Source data
____________

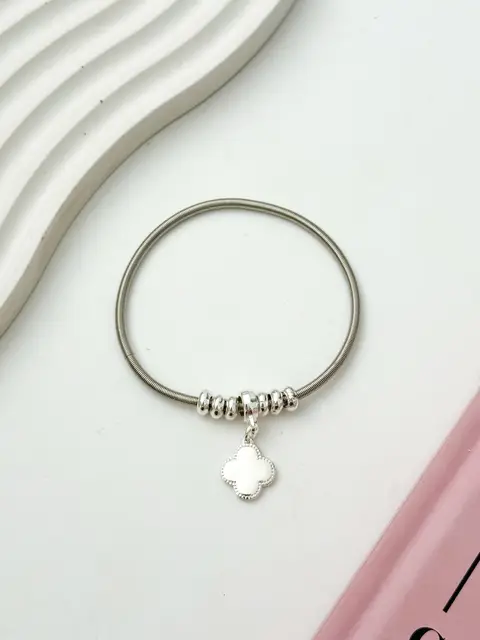PULSERA CHARMS LILITH QP546-INCLUYE CHARMS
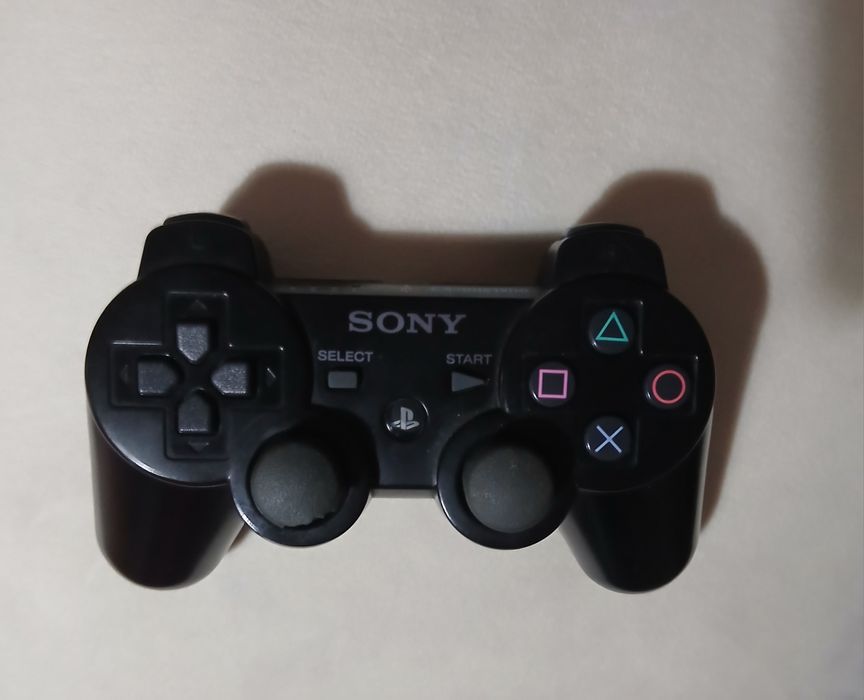Comandos para playstation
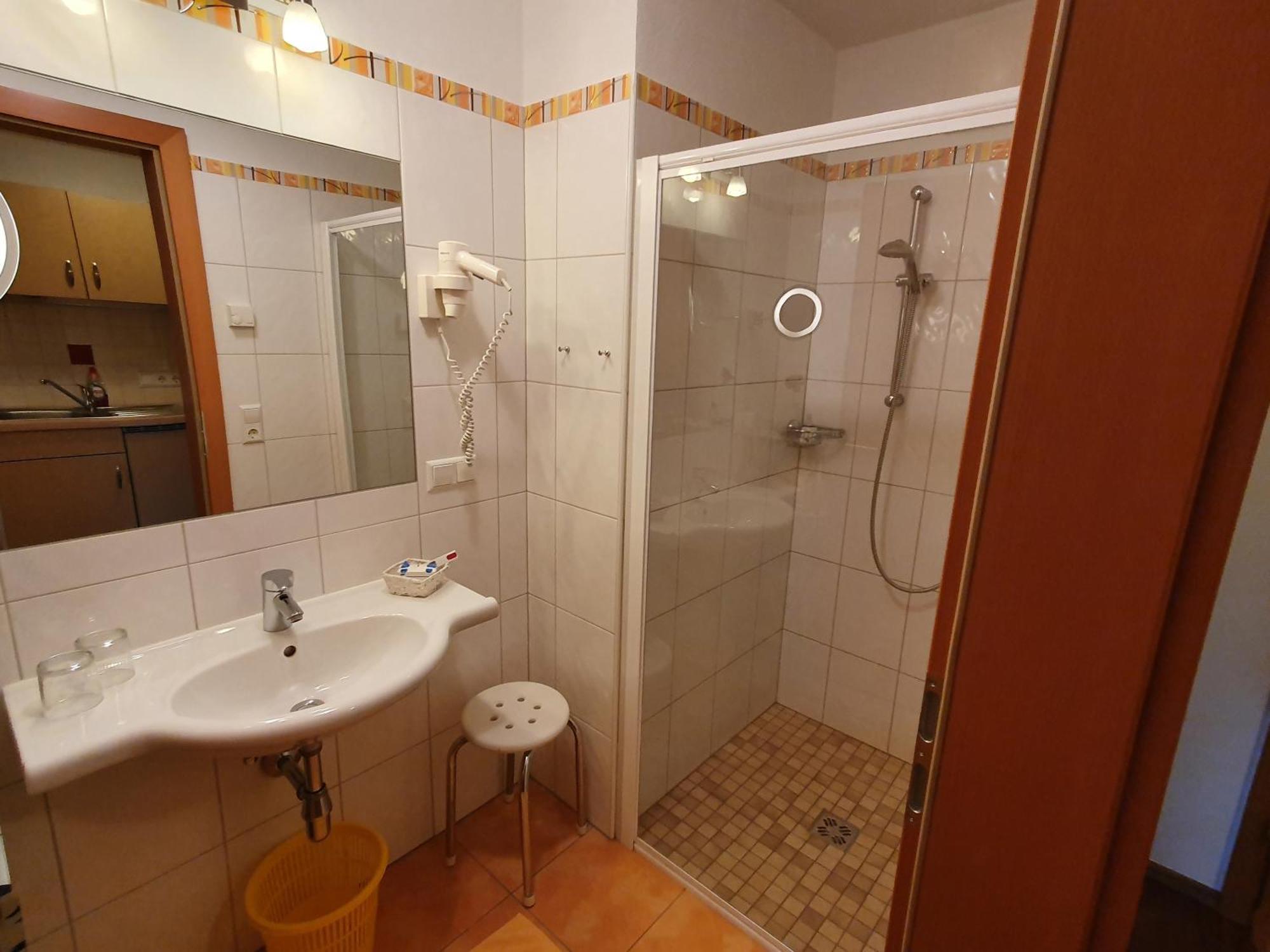 Appartements Claudia Mauterndorf  Buitenkant foto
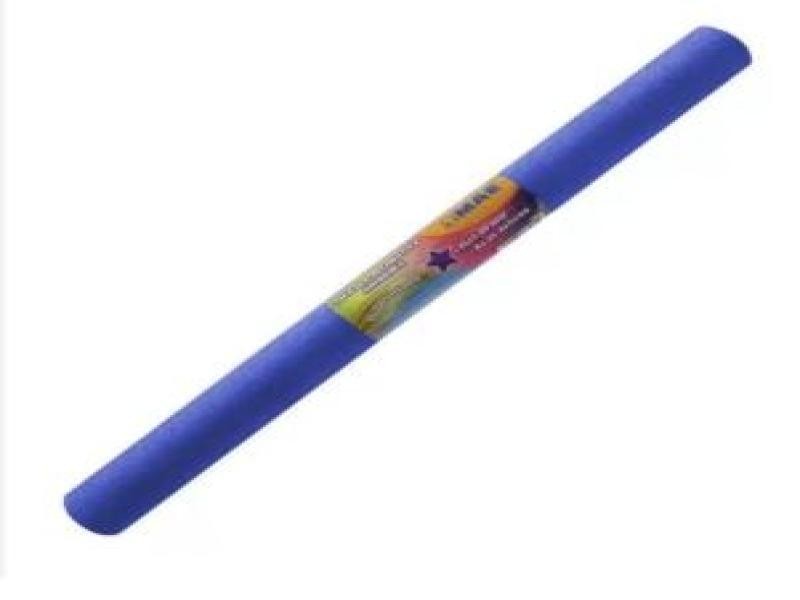CONTAC ROLLO 45CMX3M MAE DIAMANTADO AZUL REY C24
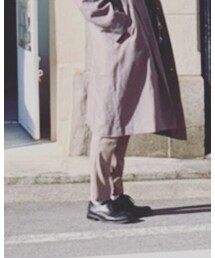 SENSE OF PLACE by URBAN RESEARCH | パンツ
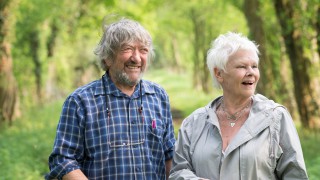 From MI6 to CRT: Dame Judi Dench takes on new role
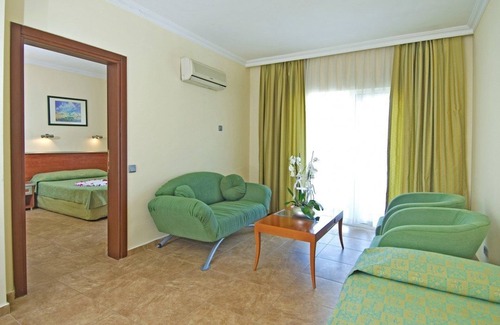 Beldibi Resort | Club Hotel Sunbel - All Inclusive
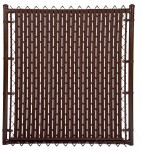 Ridged-Slat-brown-2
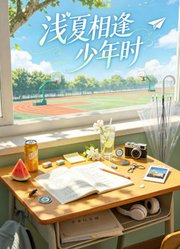 浅夏相逢少年时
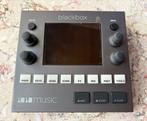 1010music Blackbox compacte stereo sampler, Muziek en Instrumenten, Samplers, Verzenden, Zo goed als nieuw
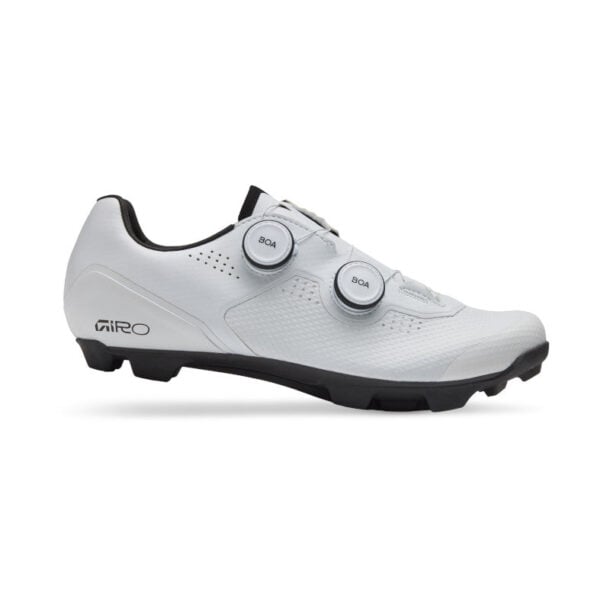 Giro Regime XC MTB/Gravel Shoes – White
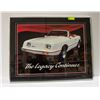 Image 1 : AVANTI "THE LEGACY CONTINUES" 32X25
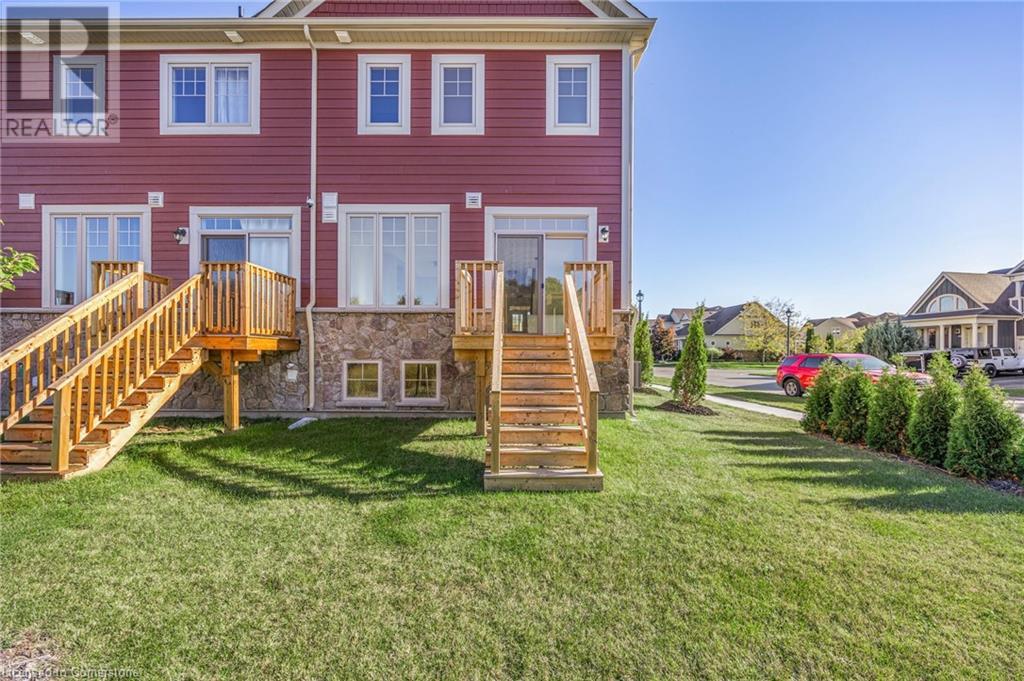 42 Little River Crossing, Wasaga Beach, Ontario  L9Z 0J9 - Photo 26 - 40670314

____________

All lines from the start of the entries through the one with "From MI6 to" are to be output exactly; omit the pictures.

PULSERA CHARMS LILITH QP546-INCLUYE CHARMS
Comandos para playstation
 Appartements Claudia Mauterndorf  Buitenkant foto
CONTAC ROLLO 45CMX3M MAE DIAMANTADO AZUL REY C24
 SENSE OF PLACE by URBAN RESEARCH | パンツ
 From MI6 to CRT: Dame Judi Dench takes on new role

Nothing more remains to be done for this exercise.